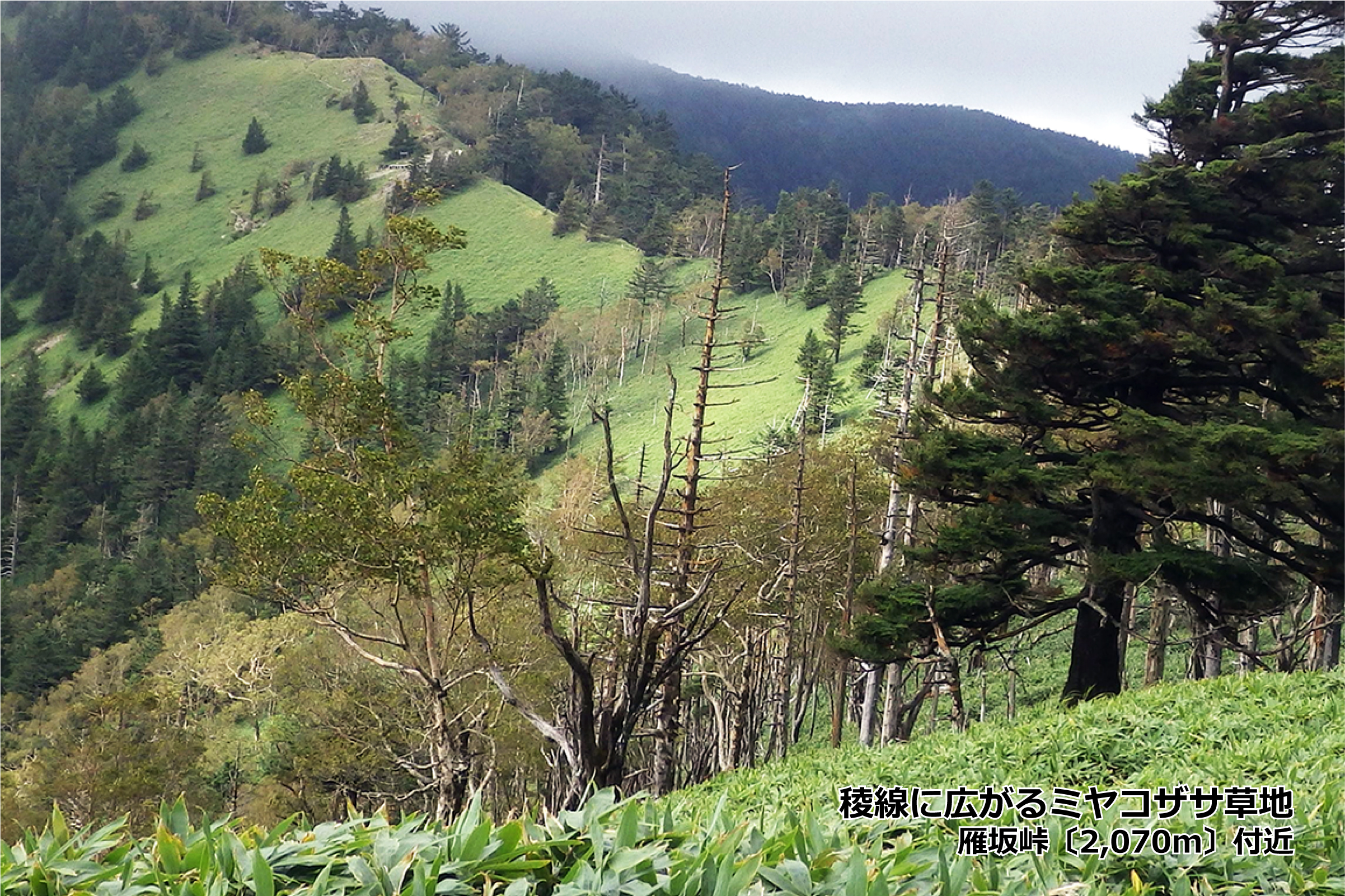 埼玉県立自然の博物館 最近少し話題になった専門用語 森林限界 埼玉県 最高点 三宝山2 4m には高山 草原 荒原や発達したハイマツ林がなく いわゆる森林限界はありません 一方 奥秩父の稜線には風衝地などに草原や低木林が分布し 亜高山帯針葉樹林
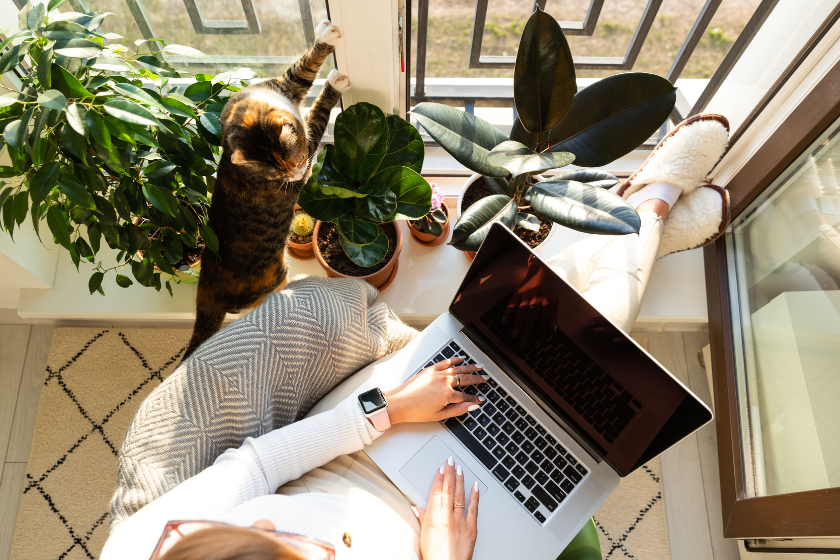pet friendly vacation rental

...

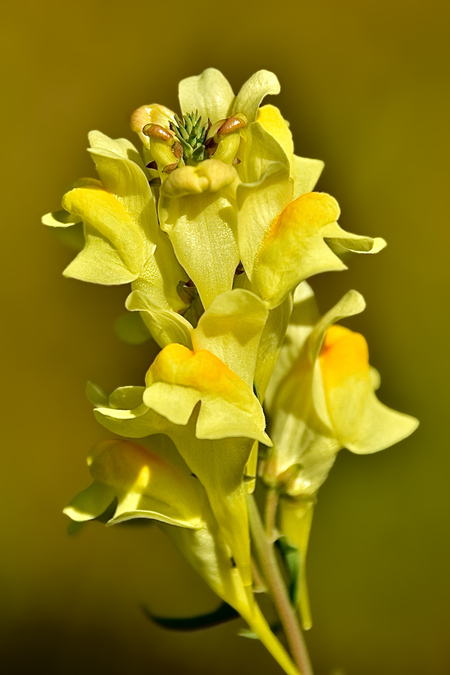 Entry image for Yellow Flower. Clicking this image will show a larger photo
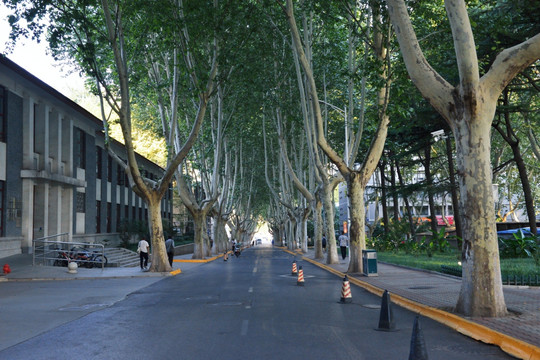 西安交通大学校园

--

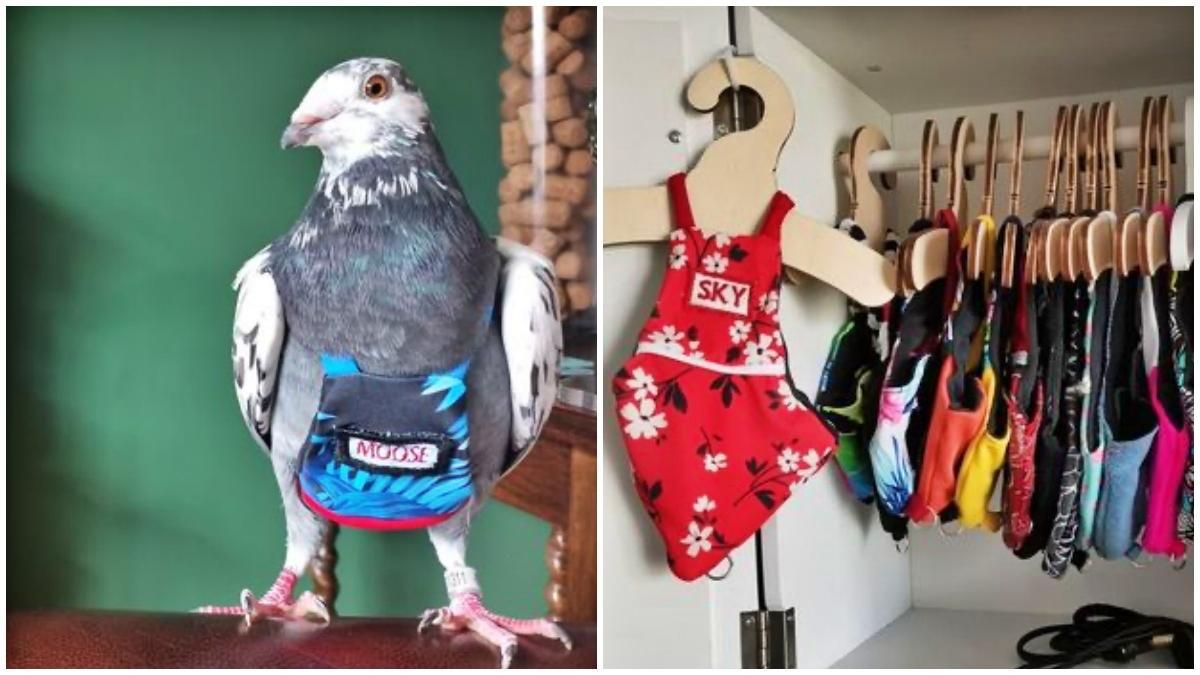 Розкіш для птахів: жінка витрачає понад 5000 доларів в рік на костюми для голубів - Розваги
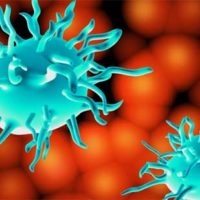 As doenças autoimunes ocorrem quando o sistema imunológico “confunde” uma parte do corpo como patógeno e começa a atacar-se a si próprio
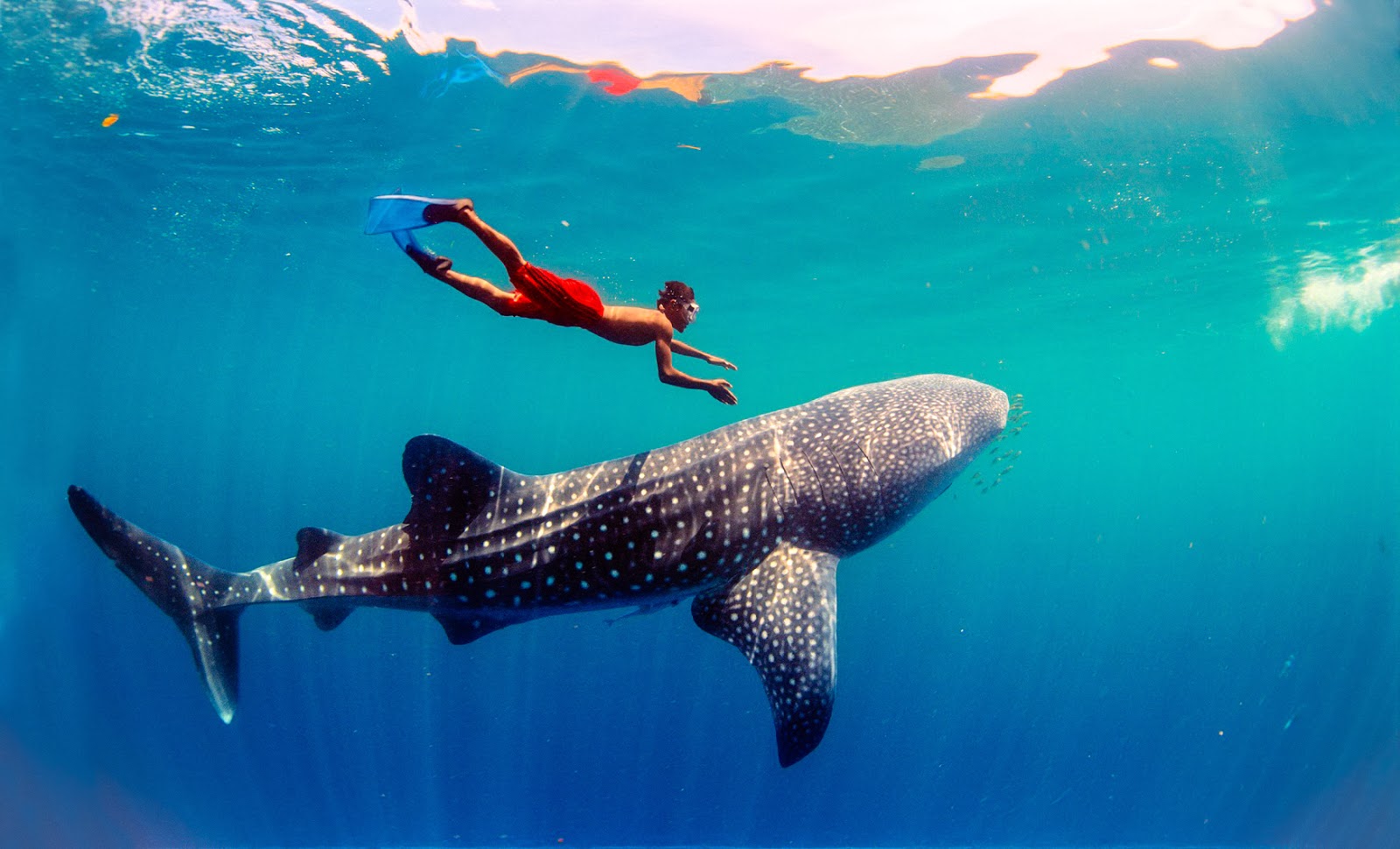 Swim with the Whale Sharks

» Exercise prompt:
Would you copy, word for word, only the lines above from the one containing "埼玉県立自然の博物館 最近少し話題になった専門用語 森林限界" through the one containing "pet friendly vacation rental", both included, and please leave out the pictures?

» Task response:
 埼玉県立自然の博物館 最近少し話題になった専門用語 森林限界 埼玉県 最高点 三宝山2 4m には高山 草原 荒原や発達したハイマツ林がなく いわゆる森林限界はありません 一方 奥秩父の稜線には風衝地などに草原や低木林が分布し 亜高山帯針葉樹林
pet friendly vacation rental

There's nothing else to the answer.